======== DATA

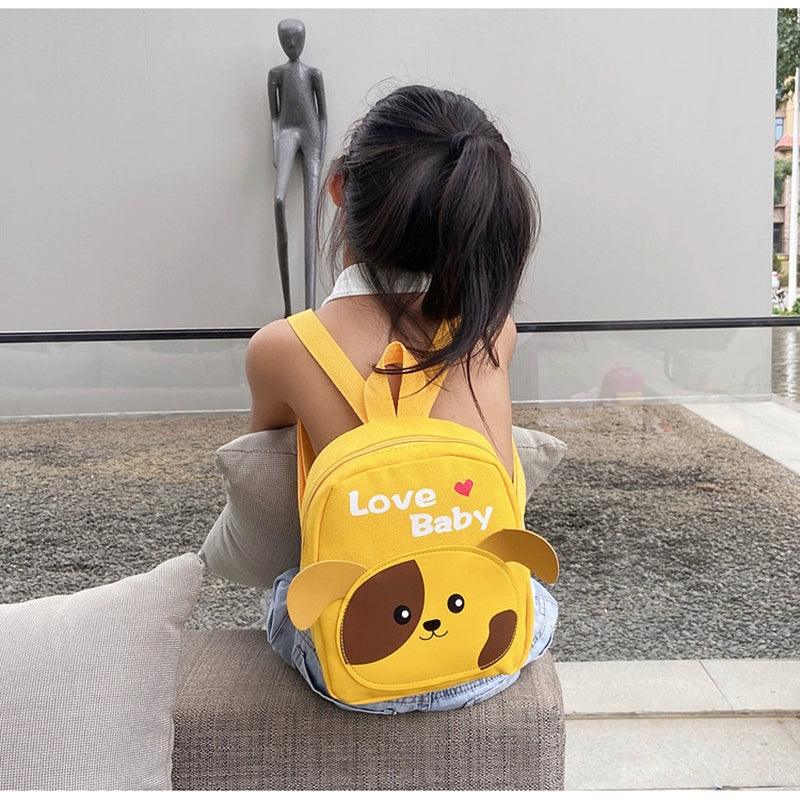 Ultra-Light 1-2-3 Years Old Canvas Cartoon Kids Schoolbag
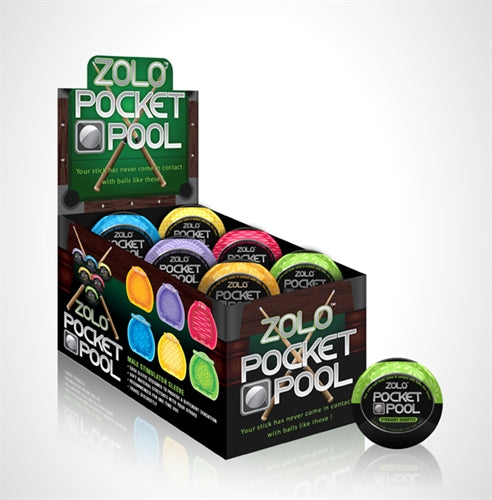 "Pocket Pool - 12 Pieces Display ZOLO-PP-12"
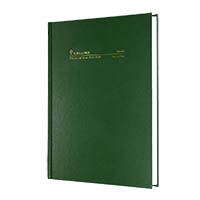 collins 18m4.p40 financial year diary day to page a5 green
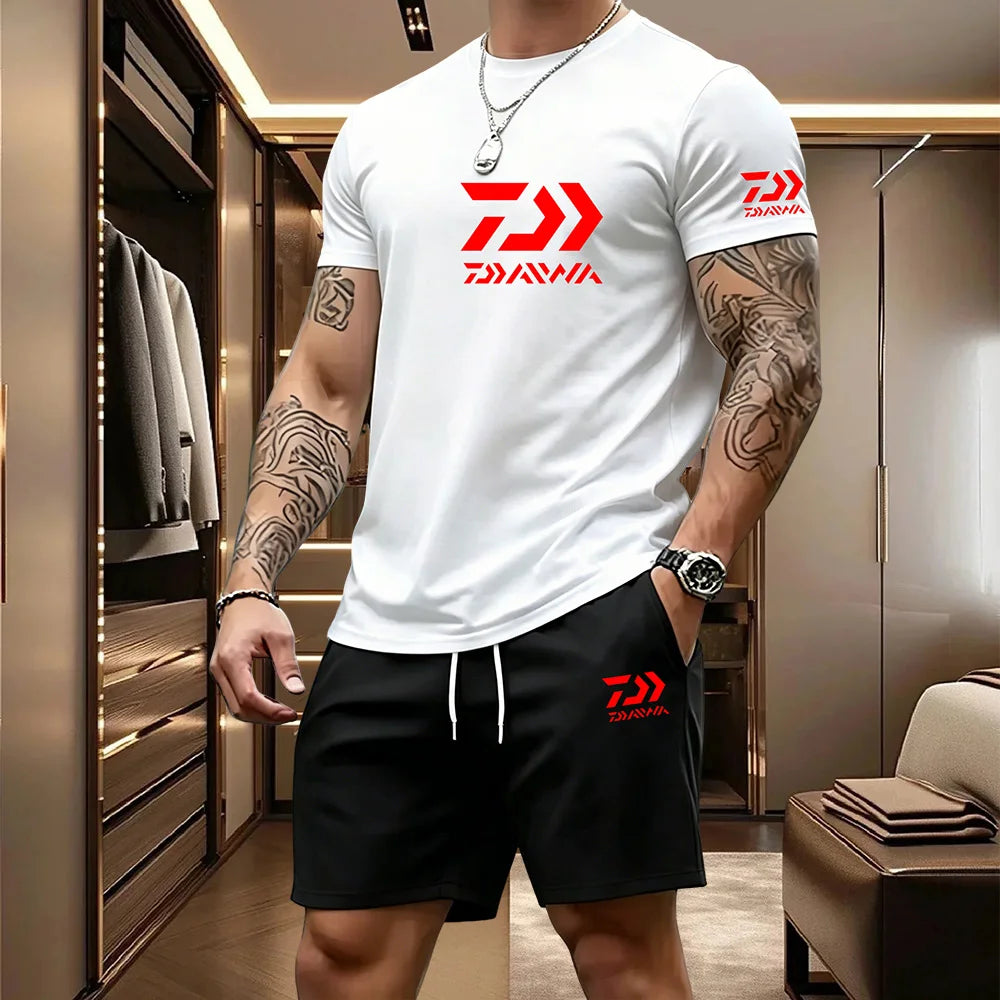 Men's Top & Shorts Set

================
======== DATA

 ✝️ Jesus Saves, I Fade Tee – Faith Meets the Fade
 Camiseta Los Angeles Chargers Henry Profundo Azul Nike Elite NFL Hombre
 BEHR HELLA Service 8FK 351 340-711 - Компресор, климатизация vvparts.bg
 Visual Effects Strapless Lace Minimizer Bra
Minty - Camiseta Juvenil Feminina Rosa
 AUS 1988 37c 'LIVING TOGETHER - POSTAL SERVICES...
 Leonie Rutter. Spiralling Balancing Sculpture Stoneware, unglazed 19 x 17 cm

================

ASSIGNMENT: Would you copy out exactly the lines above that start at the one containing "Meets the Fade" and end at the one containing "Leonie Rutter. Spiralling", inclusive?

RESPONSE:
 ✝️ Jesus Saves, I Fade Tee – Faith Meets the Fade
 Camiseta Los Angeles Chargers Henry Profundo Azul Nike Elite NFL Hombre
 BEHR HELLA Service 8FK 351 340-711 - Компресор, климатизация vvparts.bg
 Visual Effects Strapless Lace Minimizer Bra
Minty - Camiseta Juvenil Feminina Rosa
 AUS 1988 37c 'LIVING TOGETHER - POSTAL SERVICES...
 Leonie Rutter. Spiralling Balancing Sculpture Stoneware, unglazed 19 x 17 cm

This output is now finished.